Dataset excerpt START

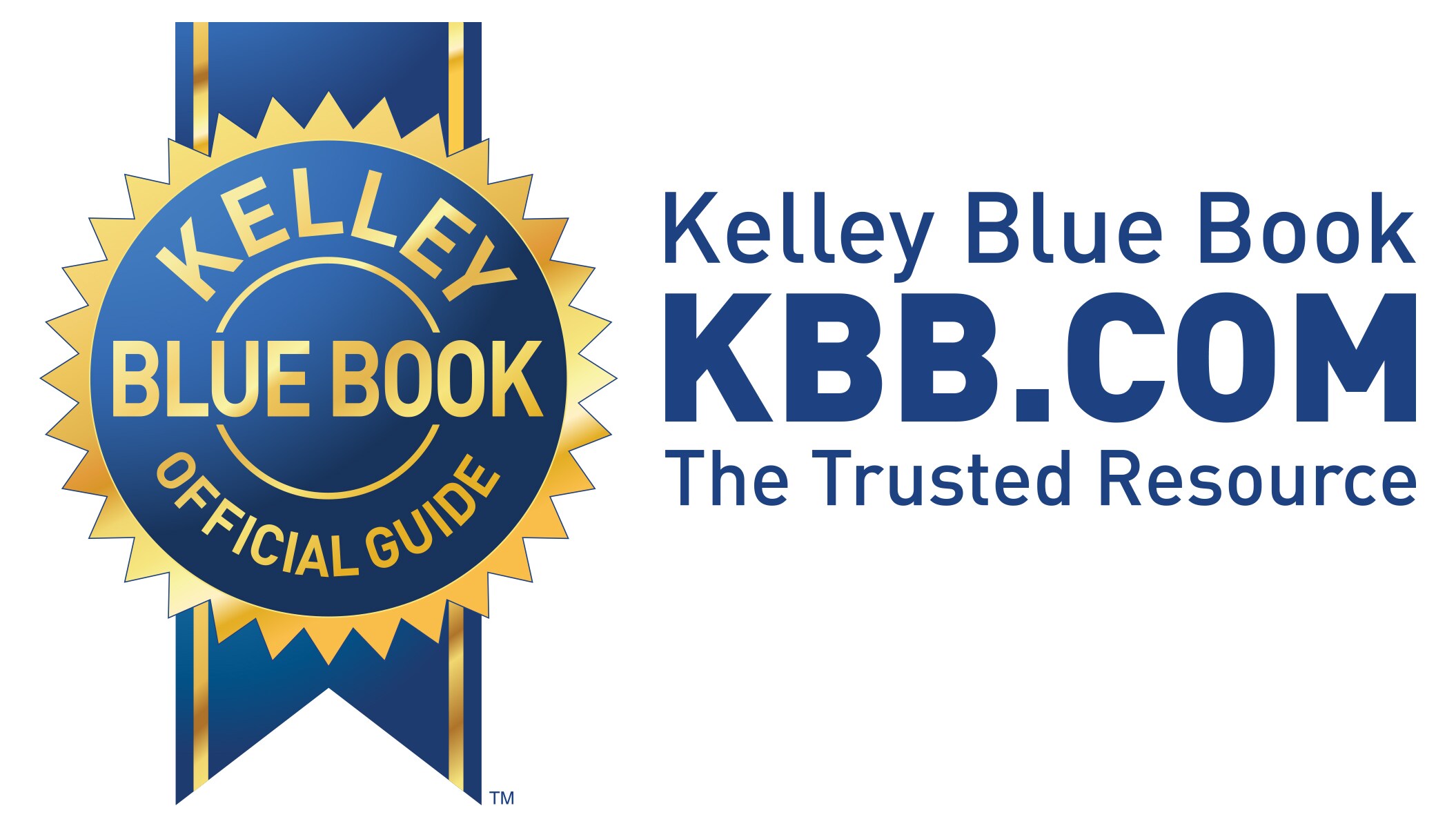 KBB_Logo_Final_RGB.JPG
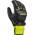 Worldcup Race Coach Flex S GTX von Leki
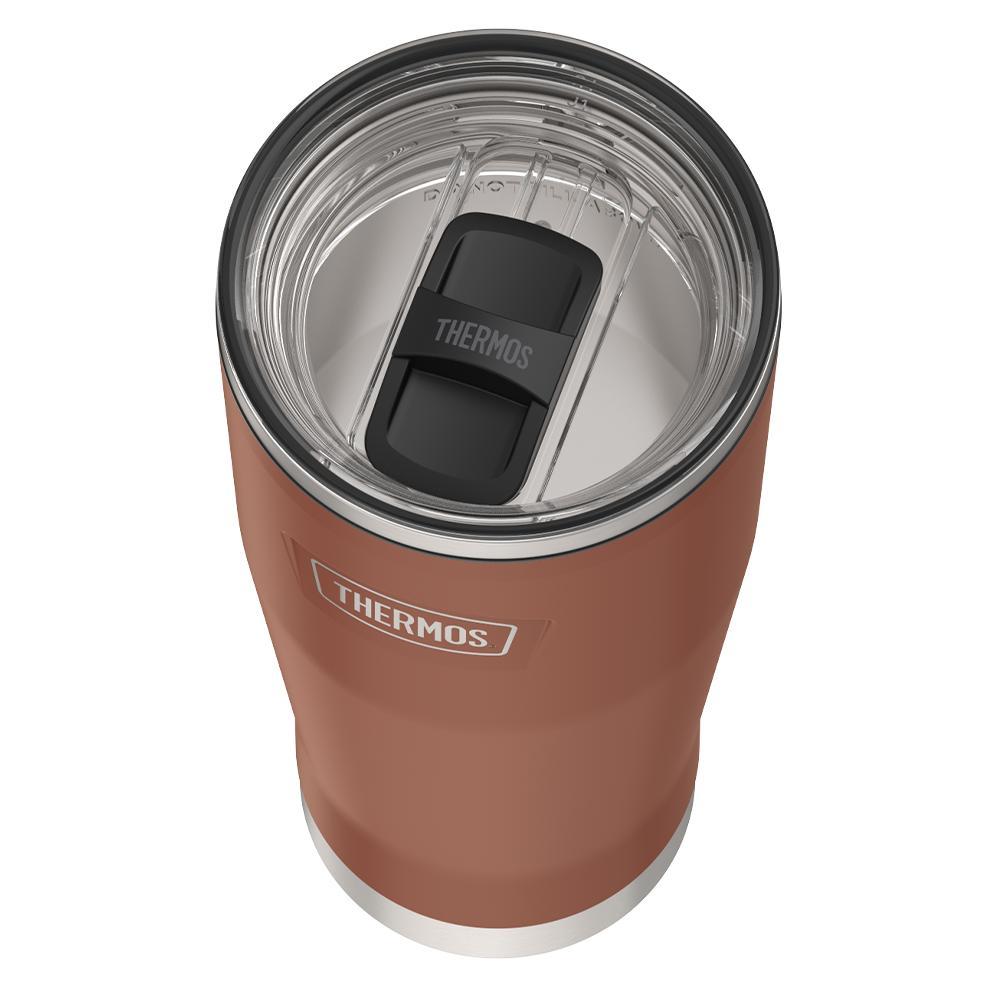 IS1152SD_Saddle_7567_ICON_18oz_Tumbler_SlideLockLid_LidInset_Closed_PDP_f1d3bb36-39ae-488a-a09e-fa308838033d.jpg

Dataset excerpt END

**Required work**
Copy the listing above in full and exactly, but omit each picture that it holds.

**Exercise result**
 KBB_Logo_Final_RGB.JPG
 Worldcup Race Coach Flex S GTX von Leki
 IS1152SD_Saddle_7567_ICON_18oz_Tumbler_SlideLockLid_LidInset_Closed_PDP_f1d3bb36-39ae-488a-a09e-fa308838033d.jpg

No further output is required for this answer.